Dave Sligh, a state Environmental Quality Department senior environmental engineer, said heavy metals have not been a problem in Western Virginia sewage sludge. The state inspects sludge applications once a year, and more often when problems occur; rules also require farmers to report monthly what has been put down, Sligh said.

Childress Farms has been using sludge to fertilize crop and pasture fields for 10 years and has held two five-year permits for spreading it.

The amount of the sludge that can be applied to the land is limited to the equivalent of five dry tons per acre each five years. The amount of sludge needed depends on its nutrient content and the type of soil to which it is applied.

Because sludge is 96 percent water, it takes several applications over a period of days to get enough nutrients into the fields.

Floyd Childress Jr. said he's been pleased with the sludge, and says it has very little smell. He was supported in that by County Supervisor Joe Stewart of Shawsville, himself a farmer who has used sludge. It smells "like musty, rotten hay," Stewart said.

The odors his neighbors have objected to, Childress said, probably were those of liquid animal waste he also spreads on his fields.

In other business Monday night, supervisors:

Approved purchase of 20 acres of land from Whitethorne Plantations Inc. for $500,000. The land, next to the midcounty landfill, will be used for a recycling center and as a soil source to cover landfill garbage.
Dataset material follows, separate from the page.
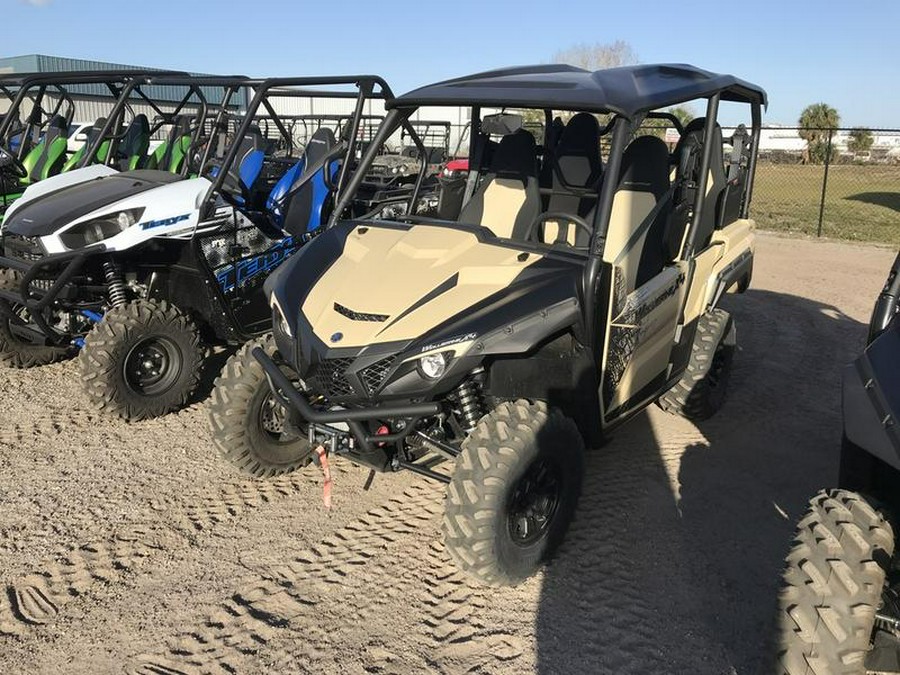 2023 Yamaha Wolverine X4 850 XT-R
Supervisors previously had agreed to condemn the land but a settlement was reached with Whitethorne instead.

Approved the purchase of 14 Glock .40-caliber semi-automatic pistols by the Sheriff's Office. Money confiscated in a drug case will pay for the guns.
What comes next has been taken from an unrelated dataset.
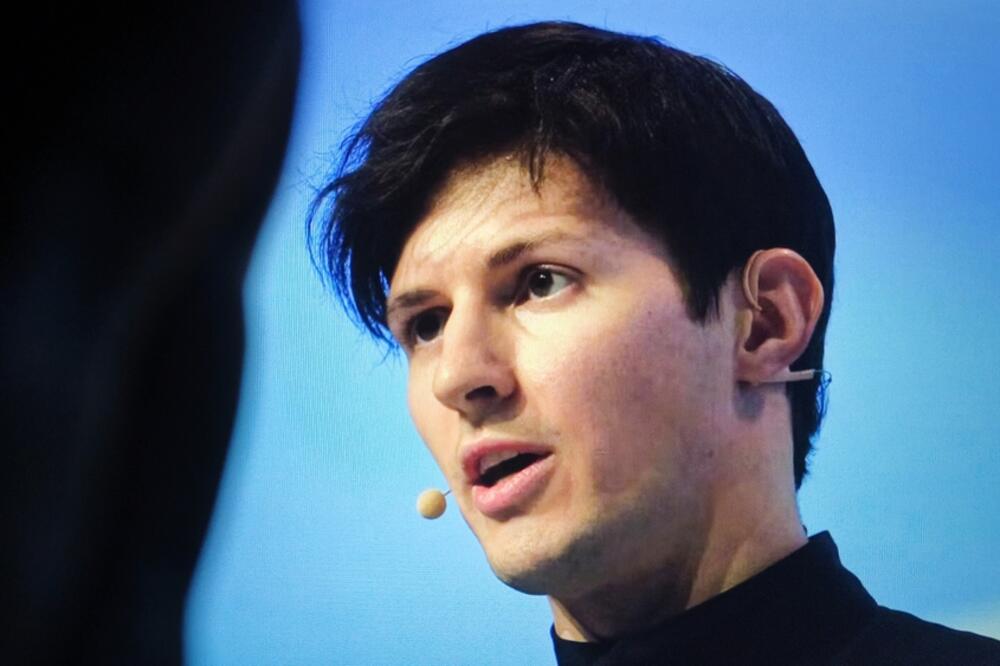 Durov, Foto: Shutterstock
Heard objections during a public hearing to the rezoning of land on Heywood Lane near Merrimac Road for a junkyard. The Planning Commission later voted to recommend approval of the rezoning on the condition that junkyard owner, William H. Quarterman, maintain fences and trees to screen it from view and to build an approved restroom on the site.

Heard more objections from Ironto-area residents to the location of a new county landfill between Bradshaw and Flatwoods roads. One objection to the landfill is the additional truck traffic it would bring to a section of Virginia 603 known as "the bluff," where three accidents involving school buses already have occurred.

Mary Hamlin introduced her daughter Samantha, a Elliston-Lafayette Elementary second-grader, and Samantha's friend Ashley Hartless to the supervisors. "We hold you responsible for these young citizens, and their lives and their futures," Hamlin said.